You know who they are, don’t you? They are people you know who avoid conflict at any cost. They are afraid of conflict even though counselors and psychologists tell us that conflict is a “backdoor blessing.” They say that because it forces us to face issues in our lives or relationships and make changes.

Let me say something up front, no one likes conflict.  The issue, however, is not the conflict itself but how you handle the conflict. Conflict handled well can cause growth, resolution of problems, and deeper relationships. Conflict handled poorly can result in even greater division.

Facing conflict and dealing with it is risky. You risk alienating the other person, becoming emotionally out-of-control, doing or saying something you’ll regret, being assaulted, or having the other person cut you off in the relationship.
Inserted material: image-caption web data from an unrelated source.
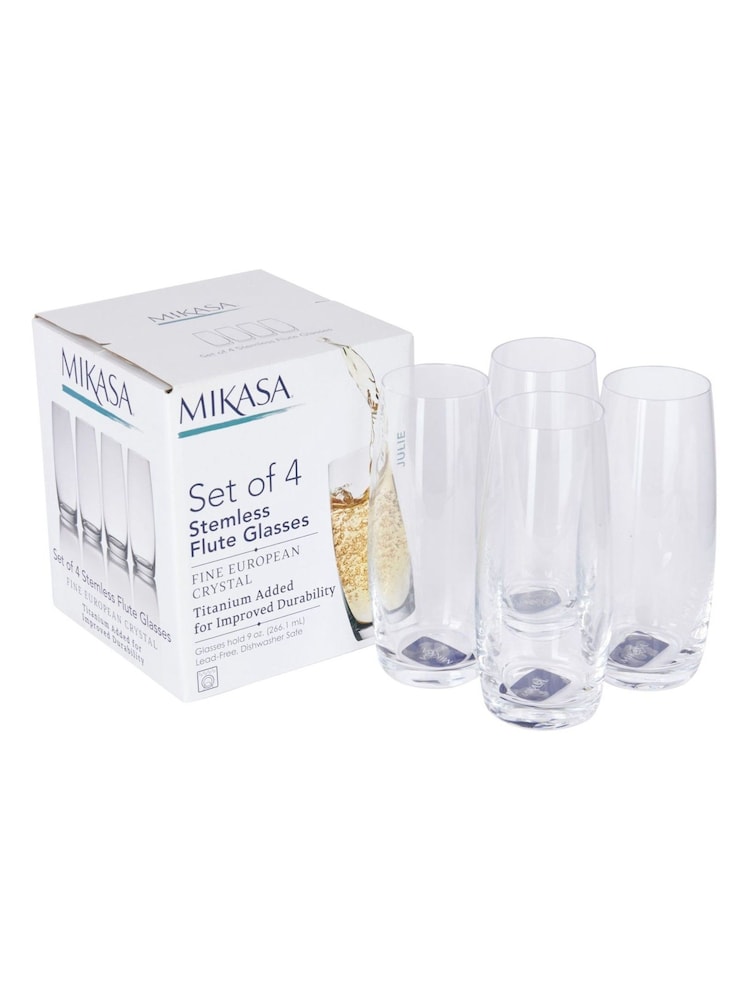 Mikasa Set of 4 Clear Julie Stemless Champagne Flutes - Image 5 of 5 Mikasa Set of 4 Clear Julie Stemless Champagne Flutes - Image 5 of 5
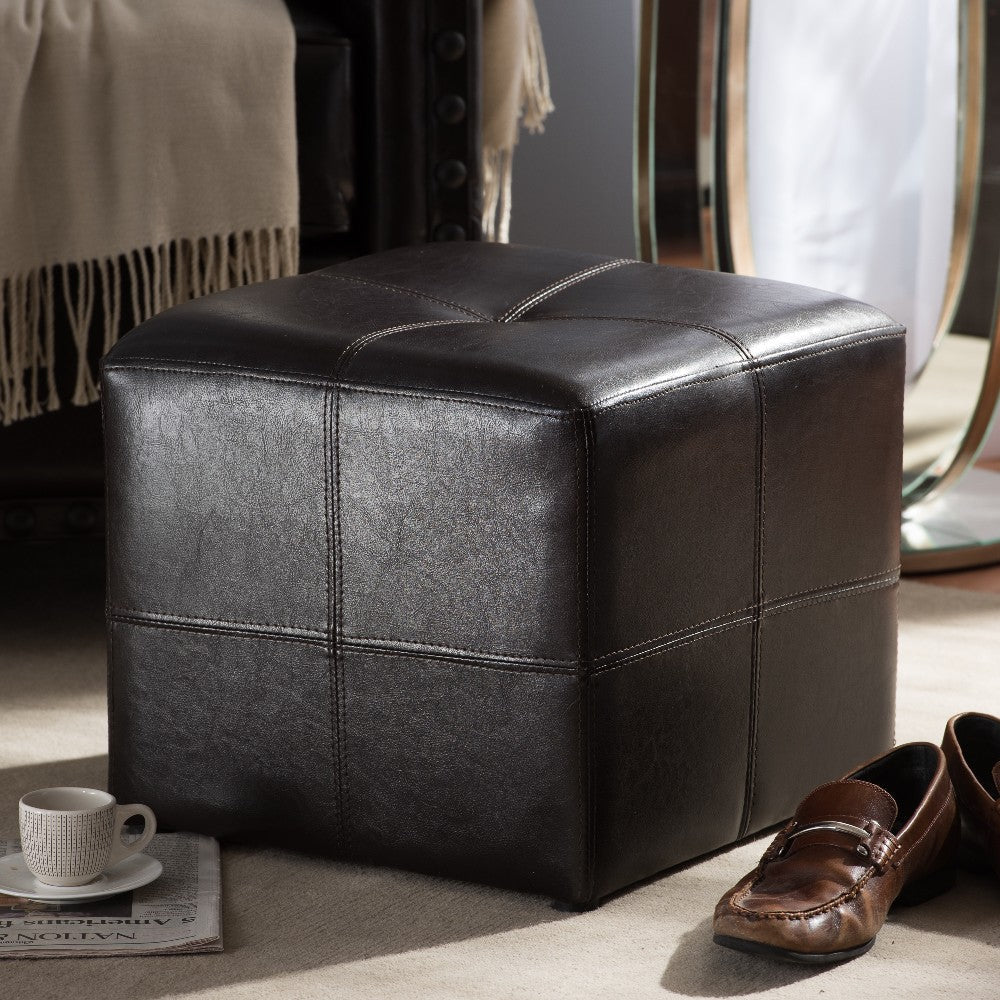 Baxton Studio Nox Dark Brown Ottoman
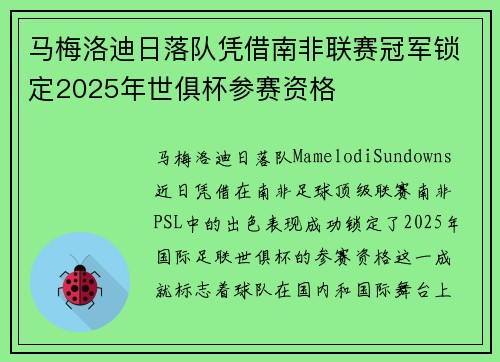 马梅洛迪日落队凭借南非联赛冠军锁定2025年世俱杯参赛资格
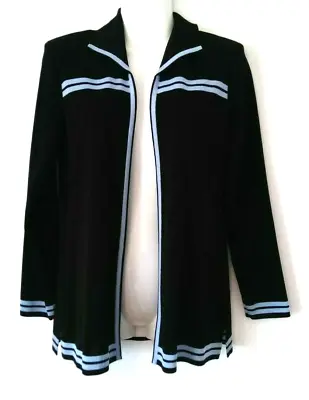 Women's Exclusively Misook Black Blue Trim Long Sleeve Cardigan Jacket Ps P S • $44.99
Is it worth the risk? You will have to decide that but know that there is no emotional growth without conflict. We do not grow emotionally during the good times when everything is going well and life is smooth. We grow stronger and make changes when we are in the storm of conflict.

What are the signs that you’re conflict-avoidant? Here are a few you can use for a self-check:

  1. You speak and write words that give you or the other person an out. For example, “You are cordially invited to come to our house for dinner unless of course you have other plans.” Conflict avoiders always give others an out lest there be conflict over an invitation.
  2. You are willing to lie or be disingenuous rather than risk a conflict. You say what you think others want to hear even if you don’t believe it yourself.
  3. You withdraw and leave the conversation if it gets too pointed or intense. You remove yourself from any potential conflict. You usually can come up with an excuse to leave such as, “I need to check on the meal” or “I need to use the restroom.”
  4. You change the subject when you see where the subject is heading. You fear that conflict is just around the corner if the conversation continues down the same path so you change the subject. You often do that by subtly shifting the conversation onto a topic that is safer to discuss.
  5. You agree to a project or task because it’s easier to say “yes” and be liked by others than to risk conflict and rejection by saying “no.”
  6. You practice “benign neglect” meaning if you don’t like the communication you simply ignore it and don’t answer it. Perhaps the communication is too threatening or conflictual so you choose not to respond.

Fear is the dominant emotion behind conflict-avoidance. Fear of rejection, fear of being hurt, fear of loss of control, fear of being labelled a troublemaker. Conflict avoiders will not change until they face their fears, deal with them, and coach themselves not to avoid times of conflict.